Webinar: Visual Thinking Strategy
Webinar powered by TETRA and NGI Atlantic. (WATCH THE RECORDING BELOW)
The webinar focuses on identifying the product/service Unique Selling Proposition (USP) and works on a concept extracted from it, using modalities that are usually not explored (Visual Thinking Strategy). This is the best way to stretch the brain and give birth to new ideas, free of preconceived notions, that will be useful in business or elsewhere in life. Thinking visually and spatially helps tackle complex problems by seeing how interdependent pieces fit together.
What is the Visual Thinking Strategy (VTS)
Whether your brain thinks predominantly in words or in pictures, we all generate visual images to help us make sense of the world. Visual thinking allows us to organize ideas graphically. But extracting those ideas when we want to explore them further or discuss them with somebody else isn’t always easy. That’s where visual thinking strategies come in.
By applying visual thinking strategies to everyday situations, you can clarify your thoughts, organize and analyze important information, think more critically, and integrate new knowledge.
Visual Thinking Strategies (VTS) is a teaching method for improving critical thinking skills through discussions of visual images.
any thought or communication technique that uses a visual aid to help you round out an idea, learn something new, or create shared insight with others can be considered a visual thinking strategy.
Because the concept of visual thinking is driven by cognitive psychology and learning sciences, the applications for visual thinking-based strategies are widespread.
Visual thinking strategies are especially helpful for encouraging individual contributions in team brainstorming and problem-solving environments.

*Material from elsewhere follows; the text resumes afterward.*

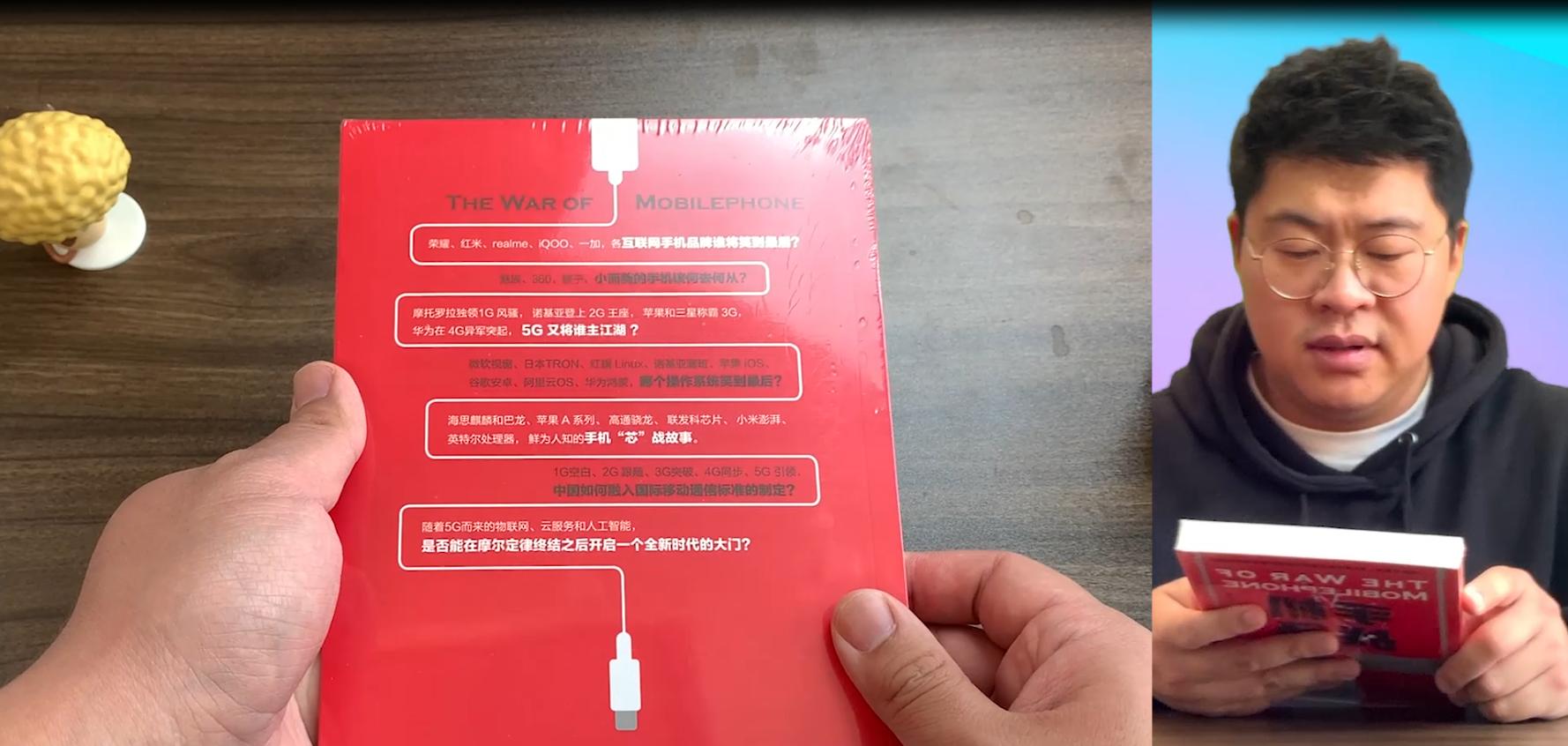福利彩票开彩票结果查询2020年第68期，梦想与希望交织的时刻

So this simplistic academic thinking strategy, when applied to a corporate setting, can drastically improve creative thinking skills and help employees facilitate discussions around the interconnectedness of ideas and innovation. It has also shown to be an excellent tool for breaking down creative or idea blocks in teams and helping discover alternatives thinking patterns and carve out new ideas.
The enormous demands on business today to stay competitive, needs creative thinking that is much more than “Thinking outside the box,” or brainstorming, or even just coming up with good ideas. Those are kind of one-dimensional or linear constructs. Creative thinking encompasses a more layered approach. The goal of VTS, similar to the goal of the popularized approach of Design Thinking, is to connect people with their creative side and have them generate their own really good solutions.

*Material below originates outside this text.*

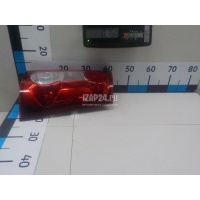 Фонарь задний правый Renault Lada Largus 2012 8200864610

Strategies for Visual Learning
If you teach as part of a formal institution or in a business training capacity, you can use the Visual Thinking Strategies (VTS) methodology to encourage flexible thinking with the help of a single, interesting image and three simple questions:
- What’s going on in this picture?
- What do you see that makes you say that?
- What more can we find?
Much like a brainstorming session, the goal of a VTS discussion is to enable shared discovery, learning, and insight rather than to disseminate knowledge. Encouraging the contribution of individual ideas in this way has been shown to deepen the learner’s observation, collaboration, and communication skills in an international setting.